These answers miss a trick as regards MS Word & .odt.
MS Word records a .docx file's word count whenever it is saved. A .docx file is simply a zip file. Accessing the "Words" (= word count) property therein is simple and can be done with modules from the standard library:
import zipfile
import xml.etree.ElementTree as ET
total_word_count = 0
for docx_file_path in docx_file_paths:
zin = zipfile.ZipFile(docx_file_path)
for item in zin.infolist():
if item.filename == 'docProps/app.xml':
buffer = zin.read(item.filename)
root = ET.fromstring(buffer.decode('utf-8'))
for child in root:
if child.tag.endswith('Words'):
print(f'{docx_file_path} word count {child.text}')

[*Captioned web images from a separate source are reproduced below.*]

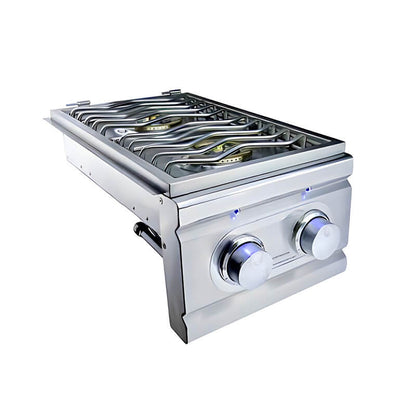 RCS Cutlass Pro Built In Stainless Steel Double Side Burner With LED Lights - RDB1EL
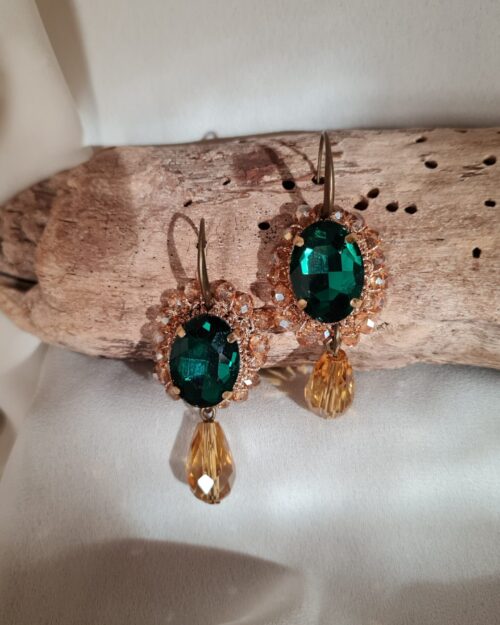 Orecchini pendenti Luce verde scuro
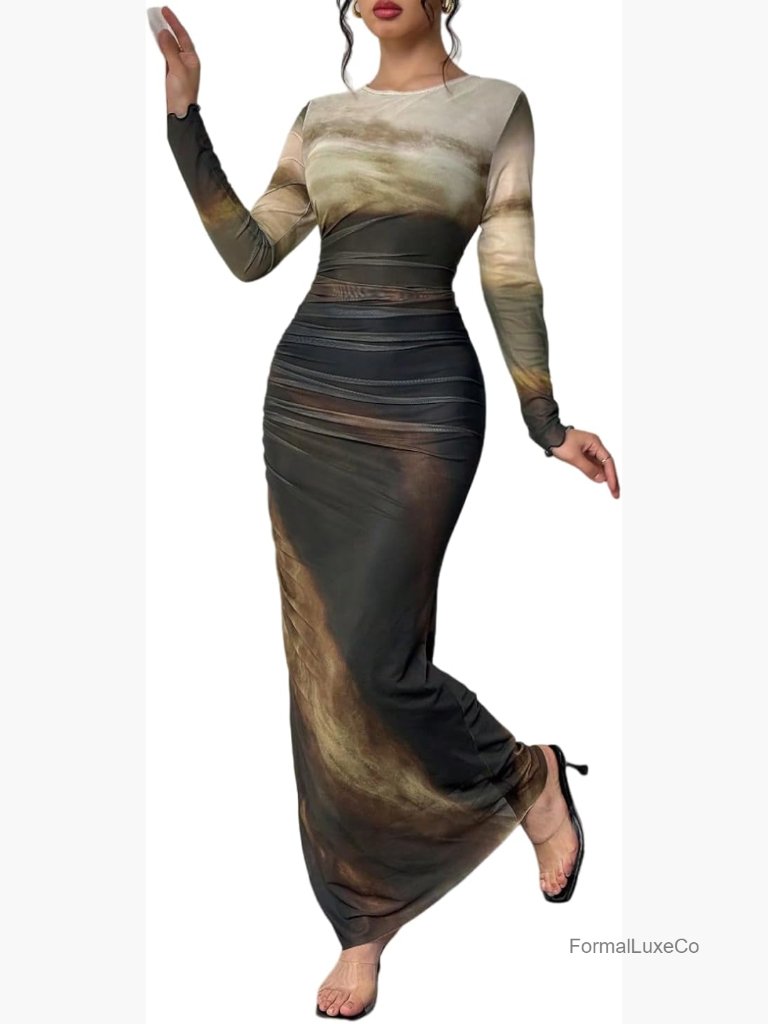 Long Sleeve Bodycon Maxi Dress Mesh Ruched Tie Dye Cocktail Dress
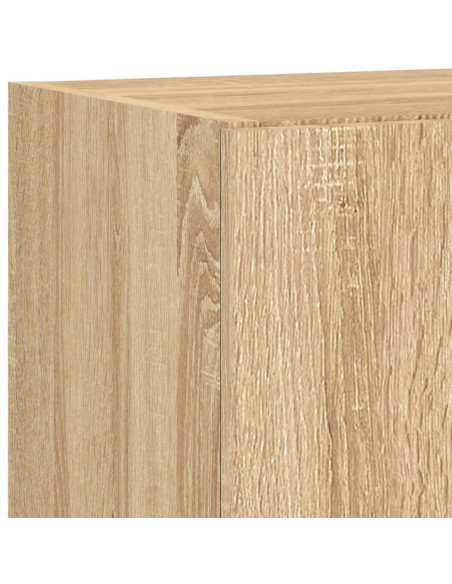 Mobili TV a Muro con LED 4pz Rovere Sonoma Legno Multistrato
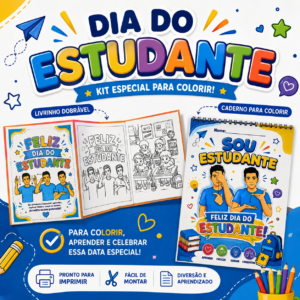 Kit Dia do Estudante Bilíngue | Livrinho Dobrável para Colorir + Caderno de Atividades em Libras (PDF)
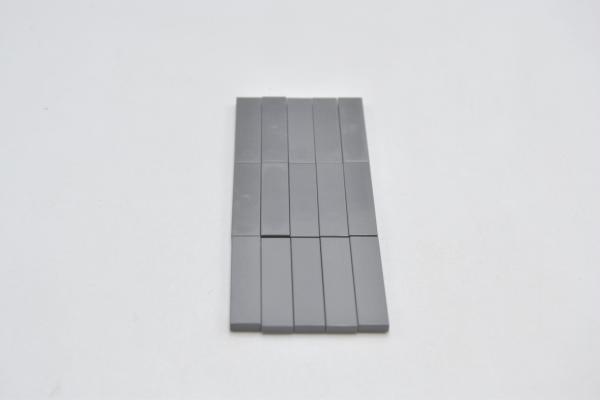 LEGO 15 x Fliese Kachel glatt neues dunkelgrau Dark Bluish Gray Tile 1x4 2431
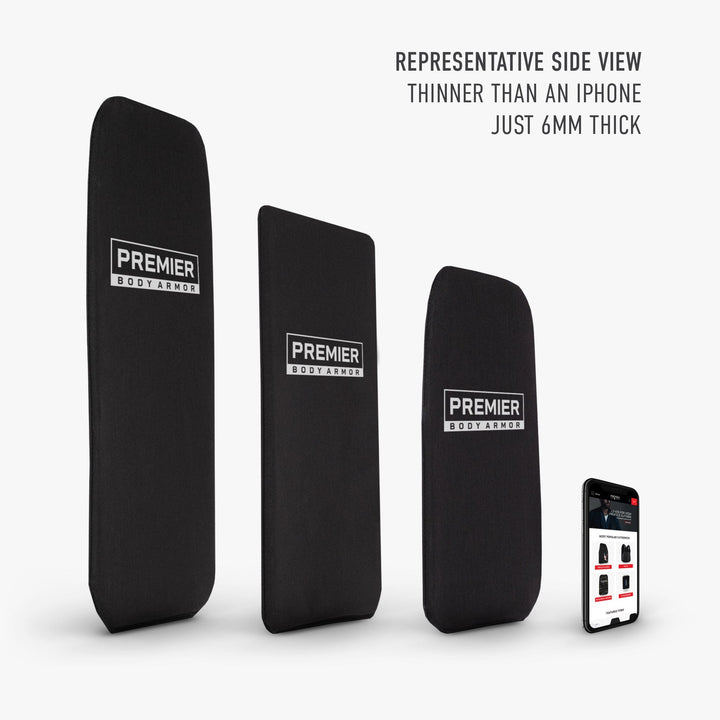 Three black Eberlestock Fade Brief Level IIIA Inserts from Premier Body Armor of varying heights are shown in a side view, positioned next to an iPhone for scale comparison. Text on the right reads: "Representative side view thinner than an iPhone just 6mm thick." Perfect fit for the Eberlestock Fade Briefcase and is TSA approved.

total_word_count += int(child.text)
print(f'total word count all files {total_word_count}')
Pros and cons: the main pro is that, for most files, this is going to be far faster than anything else.
The main con is that you're stuck with the various idiosyncracies of MS Word's counting methods: I am not particularly interested in the details but I know that these have changed over the versions (e.g. words in text boxes may or may not be included). However, the same sort of complications apply if you choose to pick apart and parse the entire text content of a .docx file. The various available modules, e.g. python-docx, seem to do a pretty good job, but in my experience none is perfect.
If you actually extract and parse, by yourself, the content.xml file inside a .docx file, you begin to realise that there are some daunting complexities involved.
.odt files
again, these are zip files, and again a similar property is found in meta.xml. I just created and unzipped one such file and meta.xml in it looks like this:
<?xml version="1.0" encoding="UTF-8"?>
<office:document-meta xmlns:office="urn:oasis:names:tc:opendocument:xmlns:office:1.0" xmlns:ooo="http://openoffice.org/2004/office" xmlns:xlink="http://www.w3.org/1999/xlink" xmlns:dc="http://purl.org/dc/elements/1.1/" xmlns:meta="urn:oasis:names:tc:opendocument:xmlns:meta:1.0" xmlns:grddl="http://www.w3.org/2003/g/data-view#" office:version="1.3">
<office:meta>
<meta:creation-date>2023-06-11T18:25:09.898000000</meta:creation-date>
<dc:date>2023-06-11T18:25:21.656000000</dc:date>
<meta:editing-duration>PT11S</meta:editing-duration>
<meta:editing-cycles>1</meta:editing-cycles>
<meta:document-statistic meta:table-count="0" meta:image-count="0" meta:object-count="0" meta:page-count="1" meta:paragraph-count="1" meta:word-count="2" meta:character-count="12" meta:non-whitespace-character-count="11"/>
<meta:generator>LibreOffice/7.4.6.2$Windows_X86_64 LibreOffice_project/5b1f5509c2decdade7fda905e3e1429a67acd63d</meta:generator>
</office:meta>
</office:document-meta>
Thus you need to look at root['office:meta']['meta:document-statistic']
, attribute meta:word-count
.
I don't know about PDF: they may well require brute force counting. Pypdf2 looks the way to go: the simplest way would be to convert to txt and count that way. I have no idea what might be missed out.
And a scanned PDF, for example, may be hundreds of pages long but be said to contain "0 words". Or indeed there may be scanned text interspersed with bona fide text content...